Voilà de quoi nourrir la carte mentale qui se dessine au tableau : du côté de “croire”, on ajoute “faire confiance à quelqu’un -> croire / ne pas faire confiance à quelqu’un -> ne pas croire”.

Il faudrait voir avec le congélateur de mon copain

Nous passons à la 3e phrase :“L’eau gèle en-dessous de zéro degré”.

Du côté du “savoir”, s’ajoutent les mots “vérifier”, “tester”, “expérience”. Les élèves vont plus loin : ils imaginent un enfant qui a toujours vécu dans un endroit où il ne neige jamais et qui n’a pas de congélateur. Il peut croire que l’eau gèle, parce que quelqu’un le lui a appris, et il pourra le savoir en faisant l’expérience, à l’école, ou en voyageant dans un autre pays, ou encore si un copain a un congélateur ! Du côté du croire, j’écris donc : “apprendre, mais ne pas pouvoir faire l’expérience” avec une flèche qui pointe vers “expérience” du côté du “savoir”.

4e phrase : “En -52, les Romains ont gagné la guerre contre les Gaulois.

Avant même de prendre le temps de réfléchir, un bruit de fond s’élève : “Ben on ne sait pas , on y était pas.” Sara, qui jusqu’ici avait peu parlé, semble beaucoup s’intéresser à cette nouvelle phrase. “Mais si, on sait. Y a des traces, des armes, des squelettes, c’est au musée, et y a des architectes qui fouillent le sol.” Carmen saute sur l’occasion de l’interrompre : “C’est pas des architectes, c’est des archéologues”. Mais Sara ne se laisse pas décontenancer : “Ben oui, tu vois, les archéologues, ils l’ont prouvé.” La discussion se densifie :

– “Oui, et Jules César, il a écrit un livre pour dire qu’il a gagné.

– Oui, ben il aurait pu mentir et juste dire qu’il a gagné alors qu’en fait il a perdu.”

J’interviens : “C’est possible, ça. Alors si on avait comme trace uniquement le livre de Jules César, est-ce qu’on le saurait ?

– “Nooooonnnn ! unanime des élèves.

Il faudrait un livre des Gaulois aussi.

Nécessairement d’un Gaulois ? je demande.

– Ben ce serait bien, mais il faut que quelqu’un l’ait vu, quoi.

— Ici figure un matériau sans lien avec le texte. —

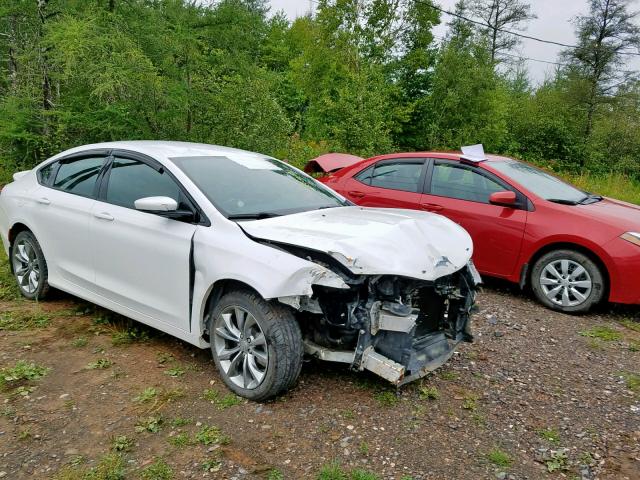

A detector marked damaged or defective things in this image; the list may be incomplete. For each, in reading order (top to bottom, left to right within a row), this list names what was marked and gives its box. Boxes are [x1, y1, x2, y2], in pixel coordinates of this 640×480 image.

damaged white sedan [0, 142, 480, 402]
crushed front end [278, 249, 482, 384]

– Oui, comment cela s’appelle ?”

Les élèves cherchent… sans succès. Je relance :

– “Par exemple, lors d’un procès, le juge cherche à savoir ce qu’il s’est passé, alors pour savoir, il interroge des…. ?

– Des témoins !

– Un seul, ça suffit ?

– Non plusieurs !

– Et à la fin, il sait toujours ce qu’il s’est passé ?

– Ben non… ça dépend, si y a pas de témoins et pas de preuves…”

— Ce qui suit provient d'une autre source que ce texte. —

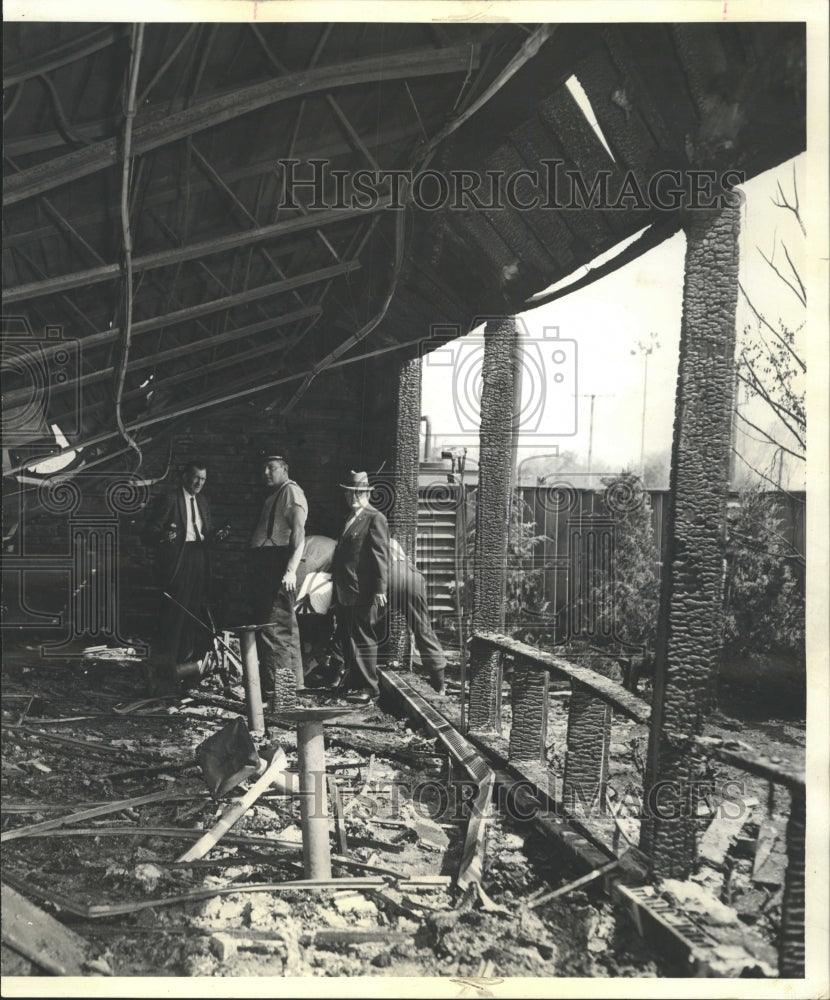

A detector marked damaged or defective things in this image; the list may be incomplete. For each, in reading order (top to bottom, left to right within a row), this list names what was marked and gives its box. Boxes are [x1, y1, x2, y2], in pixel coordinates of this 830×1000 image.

burned roof beam [2, 199, 386, 300]
burned roof beam [4, 42, 480, 206]
charred wooden column [384, 356, 422, 668]
charred wooden column [472, 316, 516, 732]
charred wooden column [640, 205, 744, 876]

Je rebondis : “C’est pareil pour les chercheurs : les historiens et les archéologues cherchent des traces, des témoignages : s’ils en trouvent,  on peut savoir des choses, et parfois, non.”

5e phrase : “Mme Nicolet et Mme Franck s’entendent bien”.

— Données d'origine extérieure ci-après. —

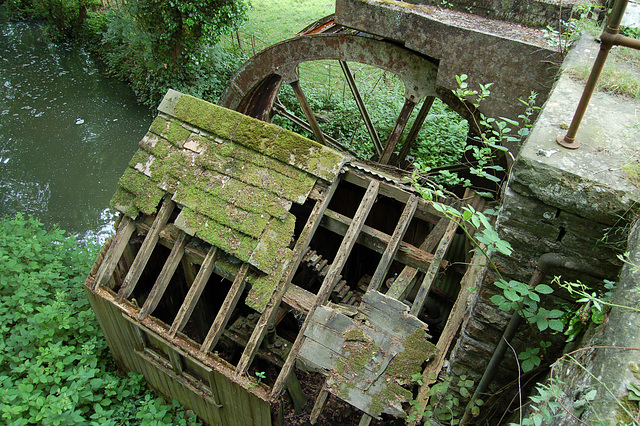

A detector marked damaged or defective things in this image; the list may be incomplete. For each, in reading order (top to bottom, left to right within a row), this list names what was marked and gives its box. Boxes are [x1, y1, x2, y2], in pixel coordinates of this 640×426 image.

Plutôt croire ou savoir ?  Beaucoup de rires et de “Ben oui, elles sont tout le temps ensemble !”, “Oui, mais savoir ou croire ?”, “Ben savoir !”. Mais Ambre dit : “Mais tu sais pas, tu vois pas dans son cœur, tu peux croire, tu peux pas voir un sentiment.”

Et l’origine de l’univers ?

6e phrase : “C’est la même question que d’habitude, ce n’est pas : « vrai ou faux ? », mais « est-ce possible de le savoir ou de le croire ? ». “Il y a un dieu qui a créé l’univers.”

Brouhaha dans la classe. “Ben oui, sinon on serait pas là”, “C’est pas Dieu, personne l’a jamais vu”… Nous les faisons revenir à la question : savoir ou croire ? Fanta prend la parole :

– “On n’est pas d’accord. Abdel il dit que c’est savoir, parce que c’est sûr qu’il y a un dieu, sinon l’univers existerait pas. Mais moi je dis que y a des gens, ils disent que c’est le hasard.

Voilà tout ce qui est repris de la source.